I mean I should have been. September is earthquake season in Mexico and a friend of mine had recanted this experience of the earthquake siren going off when he was in Mexico City and what to do etc. I remember thinking I should probably remember that sound.
But I was staying in a neighbourhood that had sirens blaring all the time and after living in the centre of Madrid and staying in NYC/London a lot – I’ve learned to block out sirens.
But that night the noise was building outside yet it was the door buzzer going late at night that first alerted me to the fact something was happening. I heard the buzzer and then the sirens outside and then a big freaking bang and thought ‘oh shit’.
Then the whole apartment started shaking. I jumped out of bed and tried to remember what I was supposed to do in the event of an earthquake. What had Trevor from Nomadic Backpacker told me again?

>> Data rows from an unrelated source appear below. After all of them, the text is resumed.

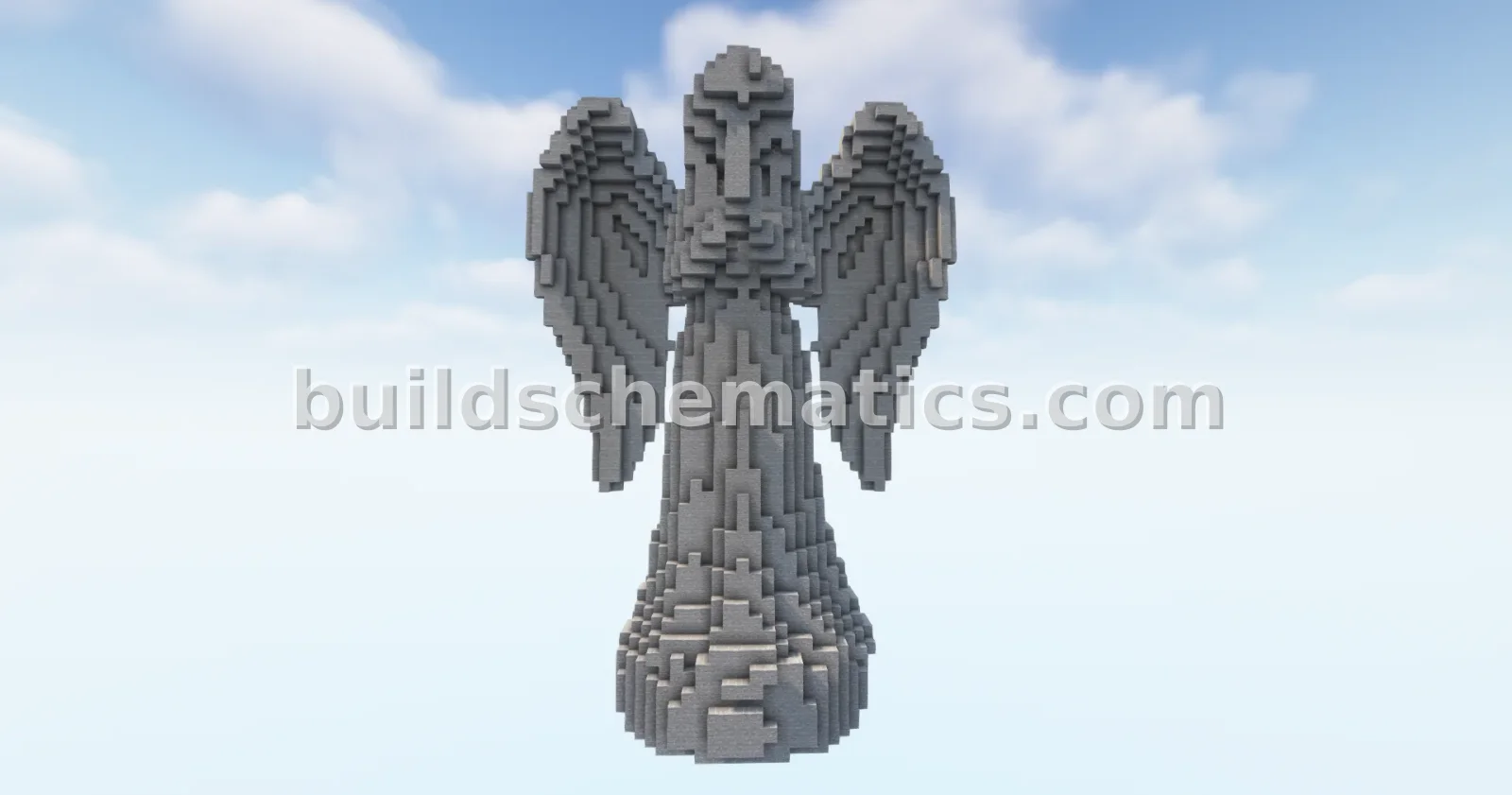 Schematic preview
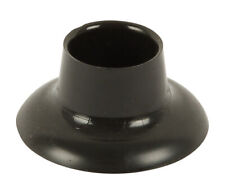 THOMAS Siphondüse schwarz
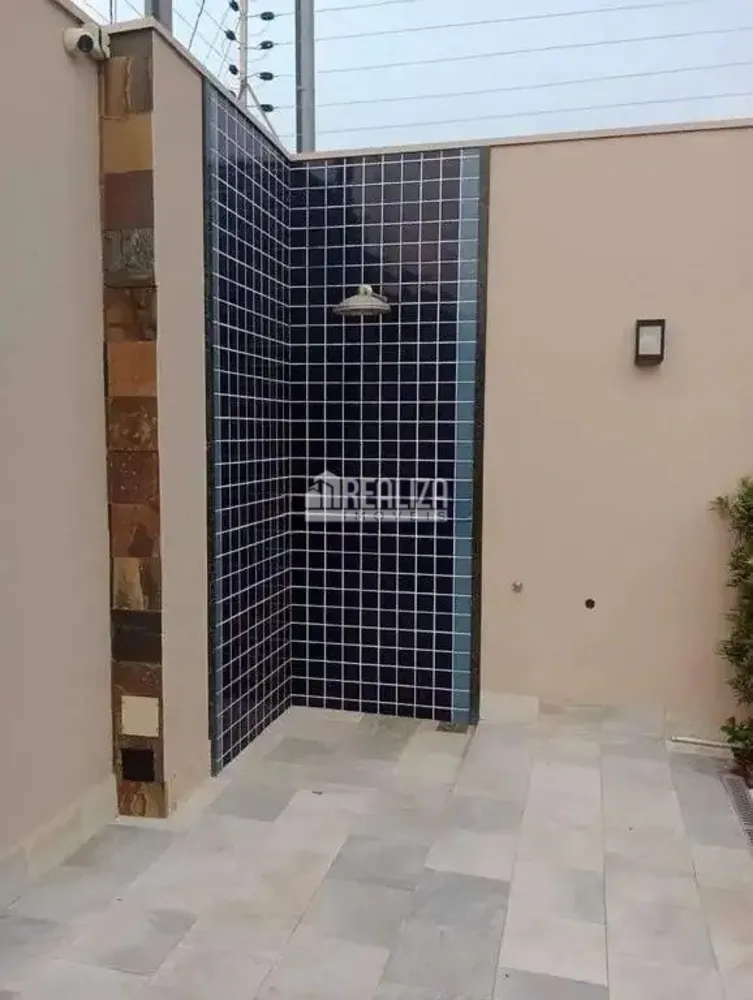 Casa, 3 quartos, 360 m² - Foto 6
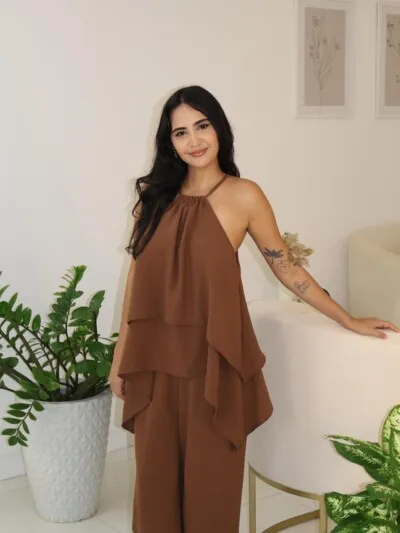 Sabrina Terapeuta Massagem Relaxante Terapêutica em Fortaleza — Massagem relaxante clássica, terapias alternativa. em ALDEOTA, Fortaleza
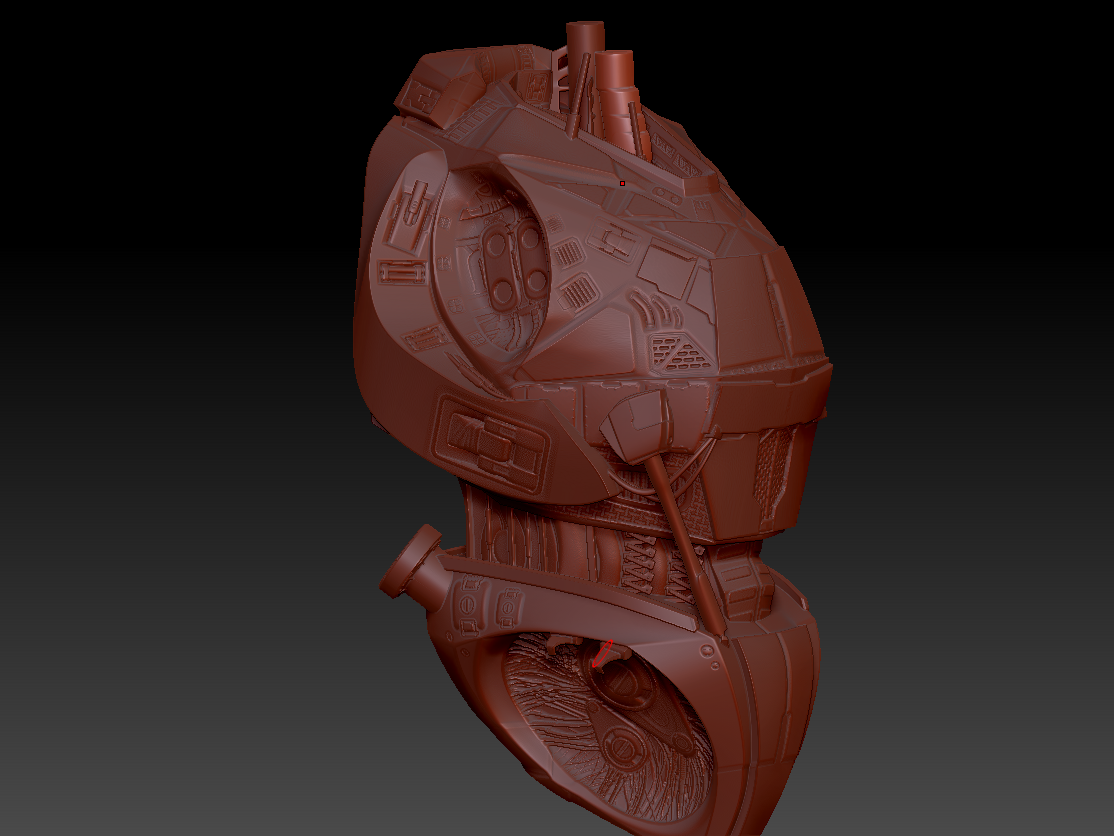 Robo_ZbrushScreens (2).png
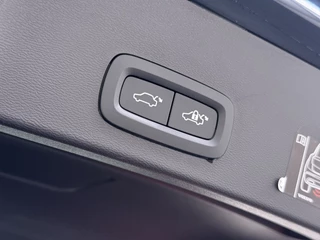 Volvo XC40 – thumbnail 26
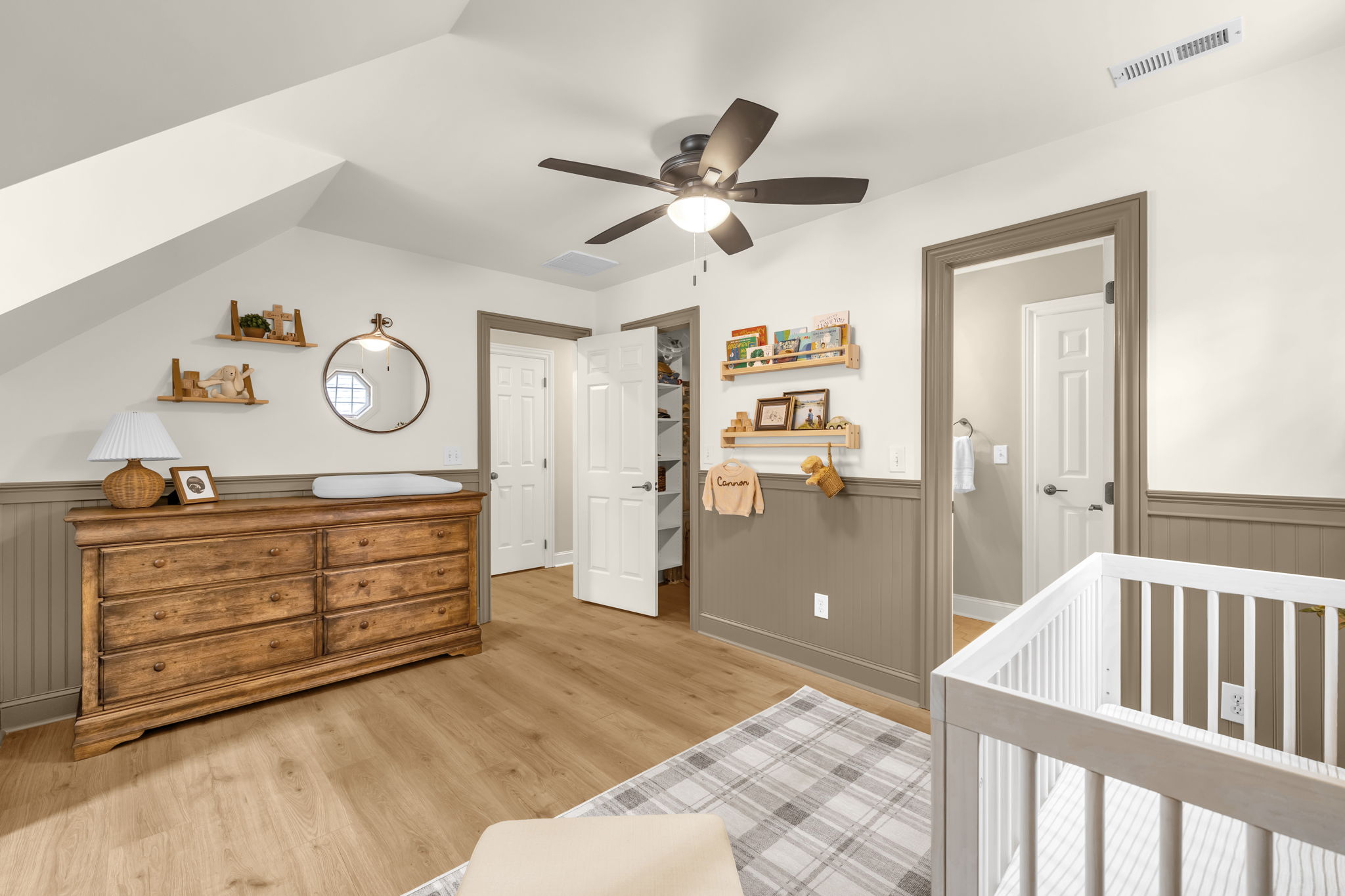 6007 Morganshire Dr-39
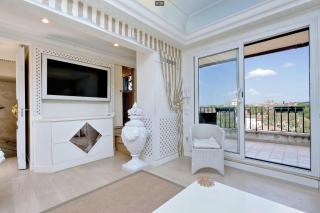 casa Vivian - Positano - 4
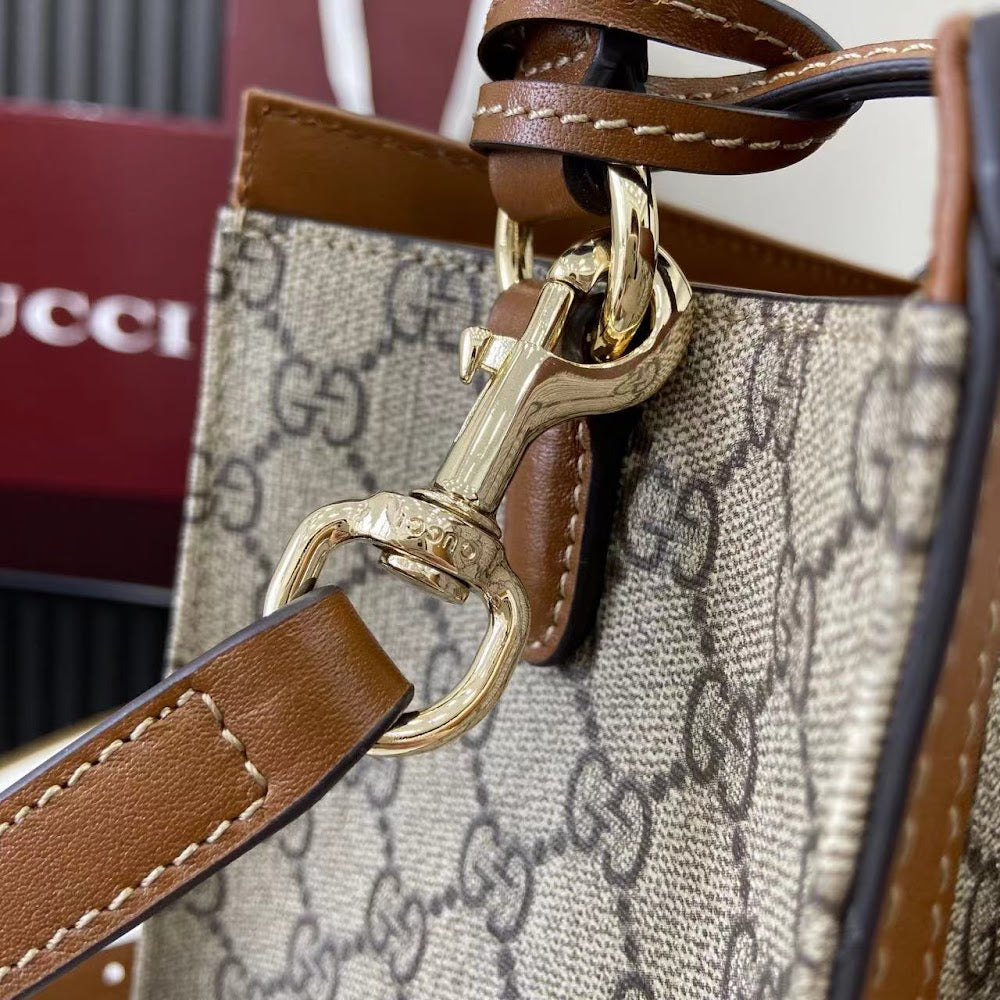 Dragons Bags Guccin Luxury Bag --94437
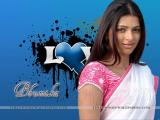 Bhumika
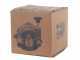 Ferroni ML.I. 25 - Pump for Tractor PTO - 30-19 mm Fittings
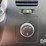 2013-chevrolet-silverado-image-54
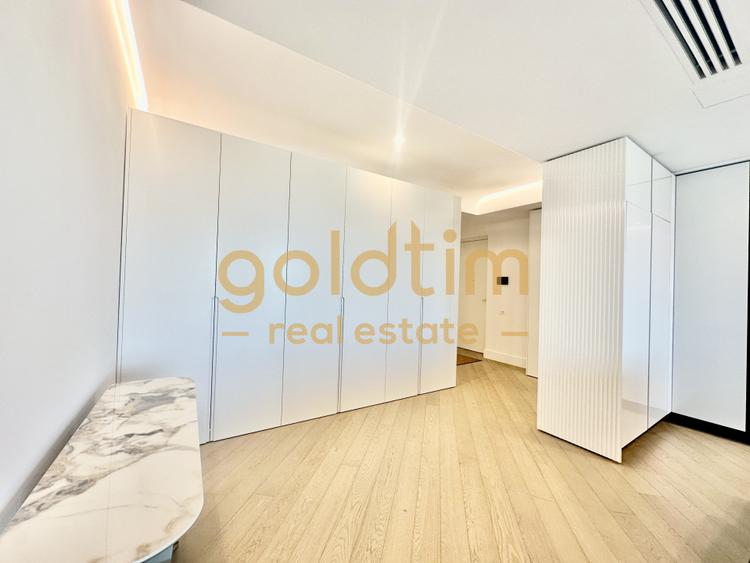 EROU IANCU NICOLAE/VIEW PANORAMIC /SUPERB/PENTHOUSE/DESIGNER/PARCARE SEPARAT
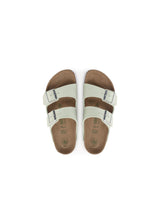 Birkenstock Arizona BS Soft Footbed Sandal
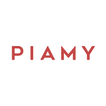 PIAMY-レズビアン・セクマイ・LGBTの出会いSNS
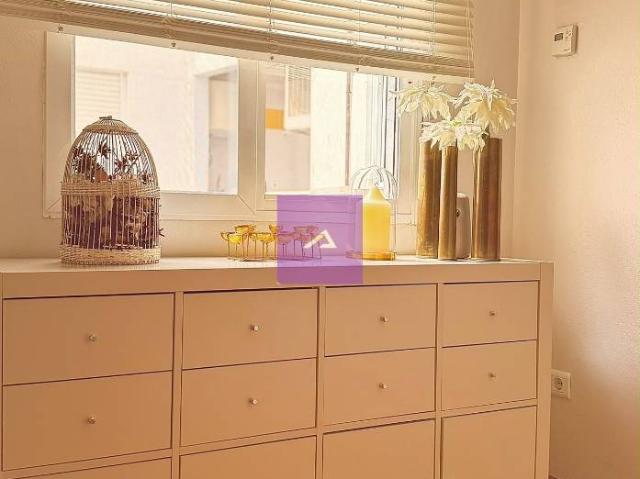 Piso en Venta en Carlet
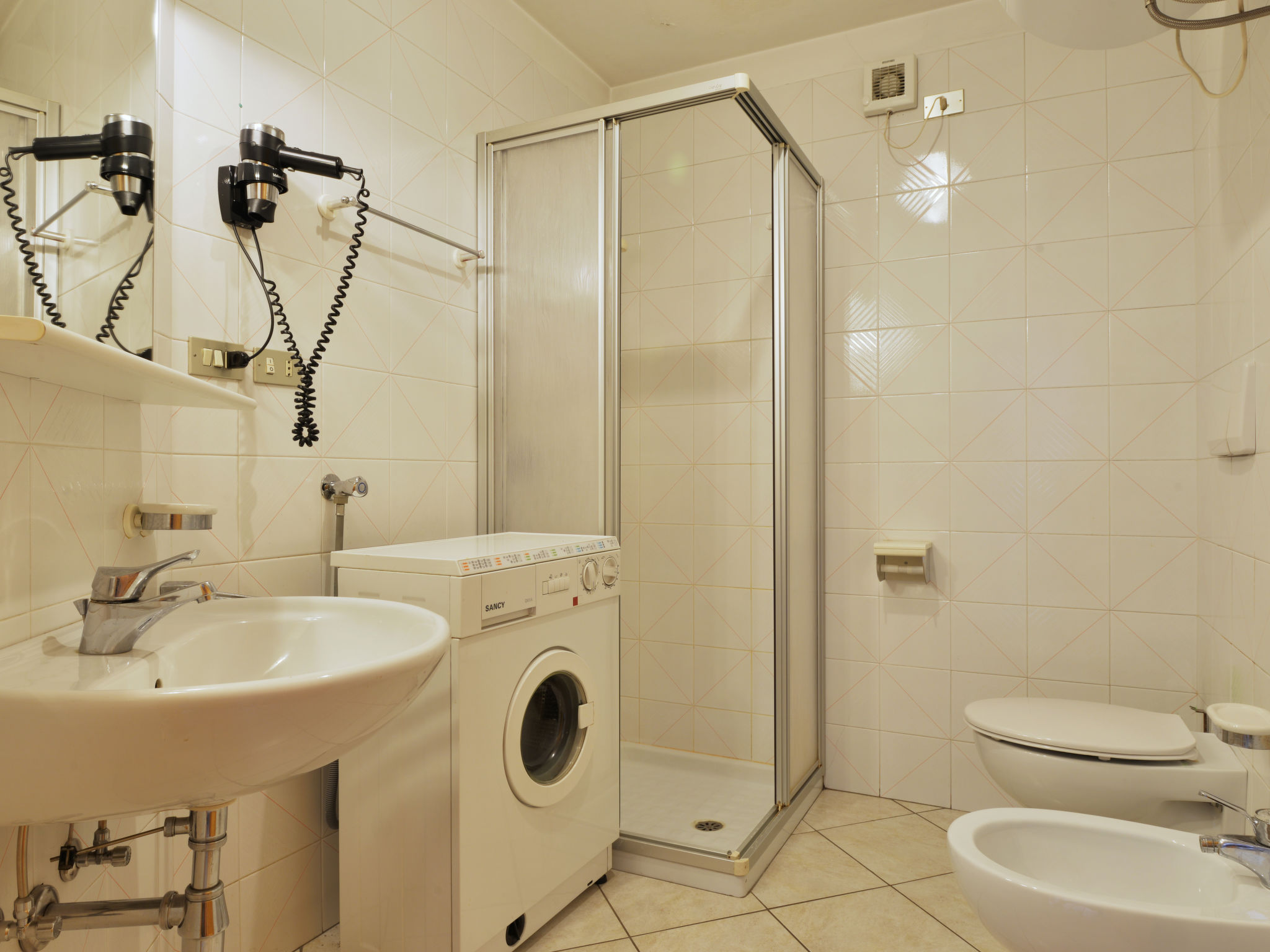 Photo of Villa Placidia Apt 22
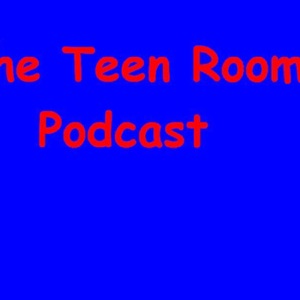 Spiritual Suicide Episode 6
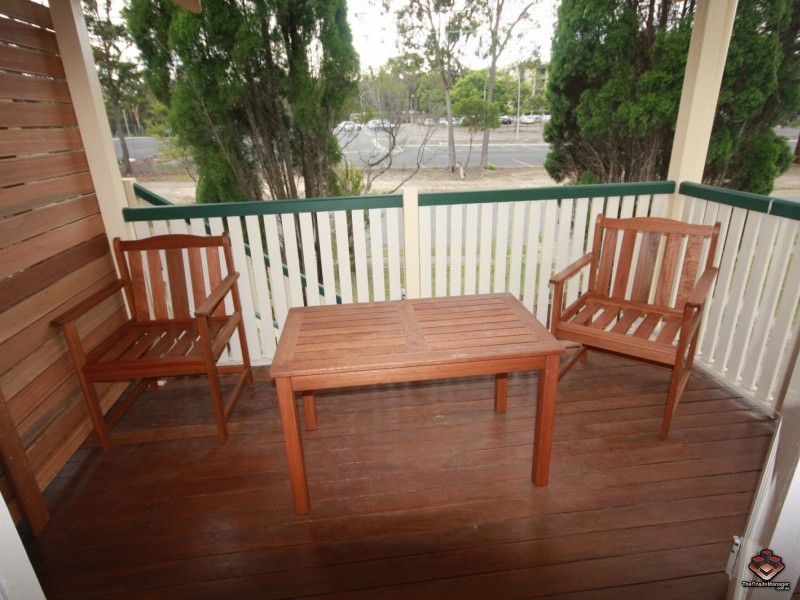 Coopers Plains QLD 4108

Whatever it was I was pretty sure it wasn’t stay in an 8th story flat where all the glass doors to the balcony had poured open and refused to shut while the rain lashed in. I could barely stay on my feet.
I thought I’d put a bra on and head outside. Turns out trying to do that is tricky when you can’t stand up properly. It was pretty incredible to witness the way the place swayed so viciously, I momentarily thought about capturing a pic or video for posterity but realised that was a dickish thing to do and instead I grabbed a bottle of water, cigarettes, threw on a jumper and put my toes in my trainers and hobbled down the 8 flights of stairs while the building rocked.
I got out onto the street and saw everyone was lined up in the middle of the road. I joined them. I was cold and soaking wet within minutes.
Should I let anyone know I’m okay. Well it’s 2/3am in the UK/Europe, so I thought better of it.
I was totally fine but I felt a wave of sadness as it felt weird to be on the other side of the world and live through this alone.
But as ever I’m not really alone anywhere. Trevor’s girlfriend Ms CDMX called me within a few minutes, and checked I was okay. Trevor offered to come over I said I was fine.
After a fashion, with the rain still pouring – I’d seen the residents of my building start to shelter under the garage of the building. I head a little closer to take a look, still not sure I wanted to be under concrete roof of a place I’d seen shake so violently for a good minute or so just an hour before.
I was told off for smoking near the building. It turns out you really shouldn’t smoke close to buildings after an earthquake in case there has been burst gas pipes.
Eventually it was safe to go back upstairs. Walking up those 8 flights was harder than walking down even without the building shaking.
There were a couple of aftershocks but nothing too crazy.
I chatted to my auntie in the Philippines for a bit until I felt sleepy.
I slept in my waterproof running coat and joggers that night in case I needed to make another quick exit.
I also spied a safe spot in the flat to take shelter in case I missed the alarm again. Apparently once the siren sounds you have 3 minutes to get out. If the place is already shaking you should find a safe spot and stay put – away from glass doors or windows (hard in a studio) not under a bed, but a sturdy bit of furniture. The table seemed like a good bet.
My Airbnb landlord also very sweetly checked in on me, ‘that was a big one’, she said and shared her number in case I needed help. ‘The building is pretty safe’ she said. Somewhat unreassuringly.
A few other bits of advice did more to freak me out than calm me down like Trevor’s ‘don’t worry about shaking side to side it’s the up and down you need to worry about that means the building is about to collapse’. Or the super smart but also frightening ‘have dog biscuits in your pocket, so if you’re in the rubble the rescue dogs will find you easier!’.
So do I need to be worried about another earthquake while I’m here? There’s no way of knowing, apparently there is no advance notice beyond the 3 minute sirens that start at 5.5 quake and above – this one was a 7.1 that hit in Acapulco 200+ miles away and was still fierce here. But I’ve never been more excited to head to NYC, that was enough adventure for one trip in Mexico.